Anna Villarreal • Nov 25 '25 • Edited

I also intentionally did not click on this post for like 3 days lol. I like your instruction-following rankings chart. I find it entertaining. I appreciate your comprehensive thoughts about AI. I closely vibe with the satire. I have not dug into it that much, but...

mini personal rant...

I've played with fire and accidentally racked up huge bills from API requests with AI. I can speak from a business standpoint. I do believe that some companies try to create a veil of "look at my amazing shiny thing." A veil that attempts to cover up the honest truth: nothin' ain't ever perfect.

If AI people are listening I think I can speak for more than one person: I will now be the hardest sell.

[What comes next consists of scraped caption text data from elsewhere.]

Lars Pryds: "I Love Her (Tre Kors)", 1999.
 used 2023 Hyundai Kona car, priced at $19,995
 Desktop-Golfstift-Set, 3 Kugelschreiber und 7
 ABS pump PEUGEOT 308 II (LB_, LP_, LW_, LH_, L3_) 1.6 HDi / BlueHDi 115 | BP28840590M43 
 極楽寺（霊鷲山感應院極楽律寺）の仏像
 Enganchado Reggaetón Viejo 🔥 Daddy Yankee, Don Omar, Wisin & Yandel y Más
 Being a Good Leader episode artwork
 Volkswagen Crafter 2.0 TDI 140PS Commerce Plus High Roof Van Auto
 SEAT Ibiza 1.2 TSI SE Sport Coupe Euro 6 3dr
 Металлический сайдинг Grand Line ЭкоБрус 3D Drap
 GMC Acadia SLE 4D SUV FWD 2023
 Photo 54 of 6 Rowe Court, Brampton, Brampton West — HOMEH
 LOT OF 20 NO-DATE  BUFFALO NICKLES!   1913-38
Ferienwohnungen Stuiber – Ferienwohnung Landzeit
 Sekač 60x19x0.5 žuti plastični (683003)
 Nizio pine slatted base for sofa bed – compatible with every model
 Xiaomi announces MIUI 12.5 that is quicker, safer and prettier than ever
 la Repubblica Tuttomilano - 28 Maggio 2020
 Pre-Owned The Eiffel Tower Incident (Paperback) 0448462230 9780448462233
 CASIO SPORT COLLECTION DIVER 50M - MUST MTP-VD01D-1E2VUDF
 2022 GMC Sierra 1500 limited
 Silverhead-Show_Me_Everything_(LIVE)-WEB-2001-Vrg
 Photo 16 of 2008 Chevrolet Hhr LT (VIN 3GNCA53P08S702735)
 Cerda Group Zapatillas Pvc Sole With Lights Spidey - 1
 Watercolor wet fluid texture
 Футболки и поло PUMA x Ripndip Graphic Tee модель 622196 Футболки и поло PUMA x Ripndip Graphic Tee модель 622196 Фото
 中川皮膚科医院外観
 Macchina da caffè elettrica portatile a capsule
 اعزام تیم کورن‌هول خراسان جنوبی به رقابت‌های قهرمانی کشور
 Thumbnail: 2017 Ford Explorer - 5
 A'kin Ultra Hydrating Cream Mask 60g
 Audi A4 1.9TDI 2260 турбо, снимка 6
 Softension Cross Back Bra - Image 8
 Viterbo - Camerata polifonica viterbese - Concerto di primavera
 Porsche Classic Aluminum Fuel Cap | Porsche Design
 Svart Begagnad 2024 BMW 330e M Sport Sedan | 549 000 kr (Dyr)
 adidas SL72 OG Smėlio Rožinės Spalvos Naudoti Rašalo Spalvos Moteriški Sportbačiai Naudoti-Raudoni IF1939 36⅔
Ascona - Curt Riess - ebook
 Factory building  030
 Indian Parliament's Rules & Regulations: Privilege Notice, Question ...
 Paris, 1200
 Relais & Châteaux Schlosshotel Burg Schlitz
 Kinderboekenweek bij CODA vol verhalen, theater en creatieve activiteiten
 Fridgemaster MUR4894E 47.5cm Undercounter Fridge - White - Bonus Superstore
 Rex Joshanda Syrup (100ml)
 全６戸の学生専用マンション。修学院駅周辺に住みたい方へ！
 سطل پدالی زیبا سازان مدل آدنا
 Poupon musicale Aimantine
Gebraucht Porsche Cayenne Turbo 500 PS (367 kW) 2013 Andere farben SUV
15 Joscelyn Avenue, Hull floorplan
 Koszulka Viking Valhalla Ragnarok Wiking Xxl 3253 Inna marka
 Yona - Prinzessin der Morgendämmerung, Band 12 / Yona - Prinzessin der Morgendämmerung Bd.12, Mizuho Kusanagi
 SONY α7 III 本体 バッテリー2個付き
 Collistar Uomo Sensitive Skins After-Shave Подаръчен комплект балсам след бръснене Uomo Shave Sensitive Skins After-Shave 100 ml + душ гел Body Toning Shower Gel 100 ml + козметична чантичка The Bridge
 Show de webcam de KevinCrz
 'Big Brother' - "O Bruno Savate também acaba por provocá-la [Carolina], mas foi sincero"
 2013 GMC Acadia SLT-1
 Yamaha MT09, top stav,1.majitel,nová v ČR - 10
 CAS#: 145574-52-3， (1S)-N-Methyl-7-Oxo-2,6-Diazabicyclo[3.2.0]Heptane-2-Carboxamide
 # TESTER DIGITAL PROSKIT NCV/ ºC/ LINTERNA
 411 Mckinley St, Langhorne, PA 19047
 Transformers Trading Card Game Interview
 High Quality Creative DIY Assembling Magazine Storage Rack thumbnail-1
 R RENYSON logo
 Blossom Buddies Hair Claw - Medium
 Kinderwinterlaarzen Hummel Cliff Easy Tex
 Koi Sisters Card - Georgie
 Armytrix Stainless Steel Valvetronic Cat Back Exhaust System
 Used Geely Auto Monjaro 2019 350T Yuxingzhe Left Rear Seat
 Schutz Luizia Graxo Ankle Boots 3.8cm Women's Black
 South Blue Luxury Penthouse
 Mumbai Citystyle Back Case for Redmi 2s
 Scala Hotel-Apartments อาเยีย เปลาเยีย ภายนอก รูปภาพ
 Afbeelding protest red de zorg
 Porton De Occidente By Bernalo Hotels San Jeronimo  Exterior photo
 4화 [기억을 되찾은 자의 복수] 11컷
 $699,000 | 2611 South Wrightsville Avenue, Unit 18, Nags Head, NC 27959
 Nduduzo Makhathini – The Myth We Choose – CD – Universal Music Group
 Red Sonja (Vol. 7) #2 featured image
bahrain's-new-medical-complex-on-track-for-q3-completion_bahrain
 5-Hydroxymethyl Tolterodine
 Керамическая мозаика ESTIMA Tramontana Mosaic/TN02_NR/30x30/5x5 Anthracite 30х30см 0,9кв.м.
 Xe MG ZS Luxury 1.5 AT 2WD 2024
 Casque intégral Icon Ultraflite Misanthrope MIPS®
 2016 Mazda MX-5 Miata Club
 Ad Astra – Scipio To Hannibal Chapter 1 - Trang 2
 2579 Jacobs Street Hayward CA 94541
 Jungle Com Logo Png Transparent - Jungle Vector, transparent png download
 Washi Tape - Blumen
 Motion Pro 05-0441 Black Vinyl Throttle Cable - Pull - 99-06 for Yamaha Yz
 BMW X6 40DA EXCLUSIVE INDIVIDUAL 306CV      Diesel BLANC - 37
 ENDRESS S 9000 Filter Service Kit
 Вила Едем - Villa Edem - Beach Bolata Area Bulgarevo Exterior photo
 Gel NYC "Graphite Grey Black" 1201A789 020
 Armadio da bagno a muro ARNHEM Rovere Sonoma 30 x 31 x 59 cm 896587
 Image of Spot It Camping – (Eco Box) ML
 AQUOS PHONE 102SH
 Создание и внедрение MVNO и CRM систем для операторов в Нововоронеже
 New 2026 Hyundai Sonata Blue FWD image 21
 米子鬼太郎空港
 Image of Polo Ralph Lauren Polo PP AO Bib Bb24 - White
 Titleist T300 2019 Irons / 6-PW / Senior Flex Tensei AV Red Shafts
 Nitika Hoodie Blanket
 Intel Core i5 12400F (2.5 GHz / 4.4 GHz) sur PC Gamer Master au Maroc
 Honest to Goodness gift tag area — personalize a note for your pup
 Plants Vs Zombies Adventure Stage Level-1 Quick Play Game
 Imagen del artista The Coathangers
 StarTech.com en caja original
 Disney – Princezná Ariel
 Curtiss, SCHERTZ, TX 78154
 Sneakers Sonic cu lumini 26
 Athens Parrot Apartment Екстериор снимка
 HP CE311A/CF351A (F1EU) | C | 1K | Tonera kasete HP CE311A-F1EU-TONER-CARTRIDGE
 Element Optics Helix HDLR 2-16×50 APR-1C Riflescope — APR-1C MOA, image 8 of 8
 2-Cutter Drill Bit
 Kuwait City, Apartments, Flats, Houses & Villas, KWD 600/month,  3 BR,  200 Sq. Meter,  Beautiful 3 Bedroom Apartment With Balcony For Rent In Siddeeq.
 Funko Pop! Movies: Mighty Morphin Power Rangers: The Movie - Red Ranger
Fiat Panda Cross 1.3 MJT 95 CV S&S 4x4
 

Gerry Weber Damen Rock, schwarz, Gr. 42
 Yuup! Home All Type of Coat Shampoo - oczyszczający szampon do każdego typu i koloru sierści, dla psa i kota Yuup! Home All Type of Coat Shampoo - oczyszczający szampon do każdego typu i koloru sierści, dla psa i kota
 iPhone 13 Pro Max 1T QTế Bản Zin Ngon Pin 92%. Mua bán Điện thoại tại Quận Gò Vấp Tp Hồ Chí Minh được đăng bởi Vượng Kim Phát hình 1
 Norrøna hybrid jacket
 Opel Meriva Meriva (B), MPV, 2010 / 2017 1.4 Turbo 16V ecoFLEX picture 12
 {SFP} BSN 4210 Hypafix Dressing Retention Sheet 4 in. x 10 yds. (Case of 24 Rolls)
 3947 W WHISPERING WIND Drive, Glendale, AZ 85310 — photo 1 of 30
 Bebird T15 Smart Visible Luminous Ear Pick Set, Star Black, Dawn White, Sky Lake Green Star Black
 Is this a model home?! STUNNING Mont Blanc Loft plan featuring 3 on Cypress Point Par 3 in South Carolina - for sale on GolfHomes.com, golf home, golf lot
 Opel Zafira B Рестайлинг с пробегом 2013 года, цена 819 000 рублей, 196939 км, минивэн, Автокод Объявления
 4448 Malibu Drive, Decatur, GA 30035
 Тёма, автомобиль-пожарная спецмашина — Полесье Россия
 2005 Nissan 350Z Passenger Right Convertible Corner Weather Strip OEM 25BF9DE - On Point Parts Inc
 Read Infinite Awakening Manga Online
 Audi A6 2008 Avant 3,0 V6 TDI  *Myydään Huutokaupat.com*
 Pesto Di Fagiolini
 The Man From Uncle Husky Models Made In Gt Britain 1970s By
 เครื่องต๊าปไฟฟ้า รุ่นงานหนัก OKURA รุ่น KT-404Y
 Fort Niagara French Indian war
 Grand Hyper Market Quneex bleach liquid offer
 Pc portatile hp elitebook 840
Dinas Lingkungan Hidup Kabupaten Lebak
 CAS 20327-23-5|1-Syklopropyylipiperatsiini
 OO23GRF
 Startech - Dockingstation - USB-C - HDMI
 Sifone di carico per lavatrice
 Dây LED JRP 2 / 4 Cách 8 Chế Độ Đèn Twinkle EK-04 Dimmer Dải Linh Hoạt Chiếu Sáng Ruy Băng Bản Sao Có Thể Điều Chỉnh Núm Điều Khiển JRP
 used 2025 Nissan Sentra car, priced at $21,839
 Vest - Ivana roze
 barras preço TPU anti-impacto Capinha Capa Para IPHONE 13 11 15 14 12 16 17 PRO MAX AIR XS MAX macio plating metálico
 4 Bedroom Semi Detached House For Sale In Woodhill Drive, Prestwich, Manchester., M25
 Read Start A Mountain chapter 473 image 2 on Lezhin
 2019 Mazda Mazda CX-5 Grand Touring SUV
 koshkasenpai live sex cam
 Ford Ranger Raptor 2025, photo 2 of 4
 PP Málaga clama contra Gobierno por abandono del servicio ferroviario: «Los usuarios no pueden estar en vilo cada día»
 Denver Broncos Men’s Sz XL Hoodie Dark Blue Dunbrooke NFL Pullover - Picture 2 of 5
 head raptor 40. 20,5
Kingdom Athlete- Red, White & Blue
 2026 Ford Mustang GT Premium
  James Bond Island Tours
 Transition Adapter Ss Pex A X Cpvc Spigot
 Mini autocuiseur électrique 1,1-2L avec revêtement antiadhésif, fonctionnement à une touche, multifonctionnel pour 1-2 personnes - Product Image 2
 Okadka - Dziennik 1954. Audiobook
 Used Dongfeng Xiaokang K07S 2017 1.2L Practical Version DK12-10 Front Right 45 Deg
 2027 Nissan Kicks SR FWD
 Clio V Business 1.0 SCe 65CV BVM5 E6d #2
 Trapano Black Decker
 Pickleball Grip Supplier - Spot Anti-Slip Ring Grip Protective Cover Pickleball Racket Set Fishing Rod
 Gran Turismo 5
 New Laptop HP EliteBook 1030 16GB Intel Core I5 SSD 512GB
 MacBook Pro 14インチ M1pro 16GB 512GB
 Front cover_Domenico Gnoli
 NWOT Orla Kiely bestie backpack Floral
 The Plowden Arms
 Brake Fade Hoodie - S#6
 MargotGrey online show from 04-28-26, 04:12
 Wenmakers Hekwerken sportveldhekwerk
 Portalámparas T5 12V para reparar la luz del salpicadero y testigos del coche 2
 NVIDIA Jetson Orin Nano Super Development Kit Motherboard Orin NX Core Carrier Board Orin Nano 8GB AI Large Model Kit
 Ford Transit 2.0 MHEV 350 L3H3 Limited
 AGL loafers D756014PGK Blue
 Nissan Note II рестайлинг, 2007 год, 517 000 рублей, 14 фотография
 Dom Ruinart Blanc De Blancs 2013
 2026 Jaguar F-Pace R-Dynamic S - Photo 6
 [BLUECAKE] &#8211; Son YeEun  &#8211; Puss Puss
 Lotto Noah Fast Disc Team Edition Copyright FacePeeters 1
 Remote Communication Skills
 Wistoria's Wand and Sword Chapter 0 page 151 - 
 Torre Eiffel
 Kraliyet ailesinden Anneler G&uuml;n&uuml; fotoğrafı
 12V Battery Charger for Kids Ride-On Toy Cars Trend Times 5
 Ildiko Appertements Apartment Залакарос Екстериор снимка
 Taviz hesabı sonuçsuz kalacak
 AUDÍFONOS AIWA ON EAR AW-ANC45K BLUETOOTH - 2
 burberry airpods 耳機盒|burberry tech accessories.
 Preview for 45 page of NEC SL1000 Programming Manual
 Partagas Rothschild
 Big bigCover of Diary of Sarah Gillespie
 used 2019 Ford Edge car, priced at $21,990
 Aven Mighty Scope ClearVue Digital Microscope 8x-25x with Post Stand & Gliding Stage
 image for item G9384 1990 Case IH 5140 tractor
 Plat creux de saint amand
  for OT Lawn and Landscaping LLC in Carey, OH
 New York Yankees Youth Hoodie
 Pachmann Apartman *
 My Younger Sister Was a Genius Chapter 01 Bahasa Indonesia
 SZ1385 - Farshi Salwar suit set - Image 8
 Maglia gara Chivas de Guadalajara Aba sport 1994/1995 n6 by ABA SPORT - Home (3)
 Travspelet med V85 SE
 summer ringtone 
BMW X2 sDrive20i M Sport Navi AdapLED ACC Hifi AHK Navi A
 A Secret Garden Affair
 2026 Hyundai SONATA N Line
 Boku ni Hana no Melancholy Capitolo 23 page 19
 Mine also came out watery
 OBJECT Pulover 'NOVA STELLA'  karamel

It was only after I racked up a 4 digit bill I discovered how to control the amount of API requests in a fine tuned manner.

"Look at my postgres agent making all my changes for me!" - I thought to myself watching in amazement. (Don't worry, I was testing fake data LOL)

I think they might be targeting newbie devs such as myself. Newbie? Target? Imbissile? Conspiracy theorist? Whatever I am, it now includes experience.

"Sell sell sell!" - They screamed and shouted. Meanwhile cloudflare and amazon fall apart.

One day in fantasy land when I have time I want to setup some models locally and do some real poking as well. XD

Alexsandro Silva Borba • Nov 27 '25

Penso que fazem esses lançamentos somente com o intuito de fazer barulho para o mercado.
Pelo menos eu penso que o mercado reage assim, não com fatos, mas sim com barulhos, rumores e fantasias.
São bilhões baseados em muito malabarismo.

Rich Jeffries • Nov 27 '25

Concordo plenamente. É só fumaça e espelhos para o mercado.

James Mccarthy • Nov 23 '25

i believe the title was just for joke sake?
I understand it was out of frustration because these giants take no responsibility for their failures while we still get billed on time.
I searched google for Breaking News: OpenAI Rebrands to OpaqueAI and found it not to be true.

for a moment i thought it might i have happened. Silly me!!

IMHO your article is good but title can be better so that it does not look like a click bait.